The courses are delivered by a range of speakers who are leading pharmacovigilance and pharmacoepidemiology experts from pharmaceutical companies, regulatory agencies,  academia and the DSRU.  For example, the Medical Aspects of Adverse Drug Reactions course is the only comprehensive course on the subject in the world; and our Periodic Safety Reports – PSURs/PBRERs and relationship to DSURs course, is led and delivered by the highly experienced Dr Kristina Strutt, alongside speakers who use their expertise to equip delegates with the practical skills to write periodic reports.

We pride ourselves on delivering courses for anyone, of all levels, from beginners to experienced professionals, so we have training opportunities to suit people who are new to the field and those seeking to refresh their knowledge. Our training is flexible, and our postgraduate programme is designed to fit around people’s job with just two days of timetabled teaching at a time. Alongside the courses, we also host pharmacovigilance conferences, including our Biennial Signal Detection Conference, which has built up a loyal following over the years. 

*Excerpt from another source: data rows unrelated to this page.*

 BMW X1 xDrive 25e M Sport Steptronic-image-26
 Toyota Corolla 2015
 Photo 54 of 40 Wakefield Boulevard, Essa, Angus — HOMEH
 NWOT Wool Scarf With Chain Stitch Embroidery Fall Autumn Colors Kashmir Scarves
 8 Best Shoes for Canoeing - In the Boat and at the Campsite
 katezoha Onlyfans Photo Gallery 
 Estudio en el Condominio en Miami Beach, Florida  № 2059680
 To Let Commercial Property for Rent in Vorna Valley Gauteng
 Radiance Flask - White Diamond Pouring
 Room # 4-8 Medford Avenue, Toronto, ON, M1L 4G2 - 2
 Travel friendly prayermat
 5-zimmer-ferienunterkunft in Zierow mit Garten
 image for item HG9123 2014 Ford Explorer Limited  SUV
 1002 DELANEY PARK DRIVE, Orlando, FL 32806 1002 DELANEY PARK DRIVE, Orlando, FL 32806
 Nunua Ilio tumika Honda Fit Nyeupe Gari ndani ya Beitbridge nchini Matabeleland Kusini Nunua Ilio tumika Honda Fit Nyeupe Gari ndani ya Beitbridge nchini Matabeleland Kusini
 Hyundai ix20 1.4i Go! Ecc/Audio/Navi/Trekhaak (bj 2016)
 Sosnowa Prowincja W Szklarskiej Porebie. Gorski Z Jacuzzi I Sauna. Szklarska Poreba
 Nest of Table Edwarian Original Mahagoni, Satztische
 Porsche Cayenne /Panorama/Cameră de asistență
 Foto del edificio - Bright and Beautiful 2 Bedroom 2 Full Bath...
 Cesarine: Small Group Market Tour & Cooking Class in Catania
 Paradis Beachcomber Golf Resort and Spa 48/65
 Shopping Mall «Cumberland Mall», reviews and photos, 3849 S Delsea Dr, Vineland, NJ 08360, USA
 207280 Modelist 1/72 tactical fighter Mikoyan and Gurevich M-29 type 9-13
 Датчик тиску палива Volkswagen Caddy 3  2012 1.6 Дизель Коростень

How important is education and training to PV? 

Pharmacovigilance is a rapidly evolving field, which is highly regulated and has high stakes. Giving people the opportunity to have regular training opportunities is vastly important to ensure the work being done in the field is up-to-date and of the highest quality. 

Our courses are continuously updated with the latest changes and developments to regulations, requirements, tools and strategies, empowering delegates to make decisions in their own working environments. 

What direction do you hope to take the DSRU’s training in over the next few months and years?

The DSRU has already established an international reputation for providing high quality education programmes. We want to enhance that position as the leading provider of pharmacovigilance training courses in Europe. We plan to hold more meetings and conferences and develop new training opportunities, as well as enhancing our current courses and meetings. We are also developing a distance learning route for our postgraduate programme.

Why are you setting up a new distance learning programme?

In today’s world, flexibility is key. We want to make our postgraduate programme even more accessible by developing a modern communications method for teaching. The COVID-19 pandemic changed the way we work and there is certainly more demand for online opportunities now. We hope to set up an online teaching environment which will allow us to deliver these courses to students from both inside and outside the UK in an interactive way and provide a forum for students to easily communicate with speakers, academic staff and each other.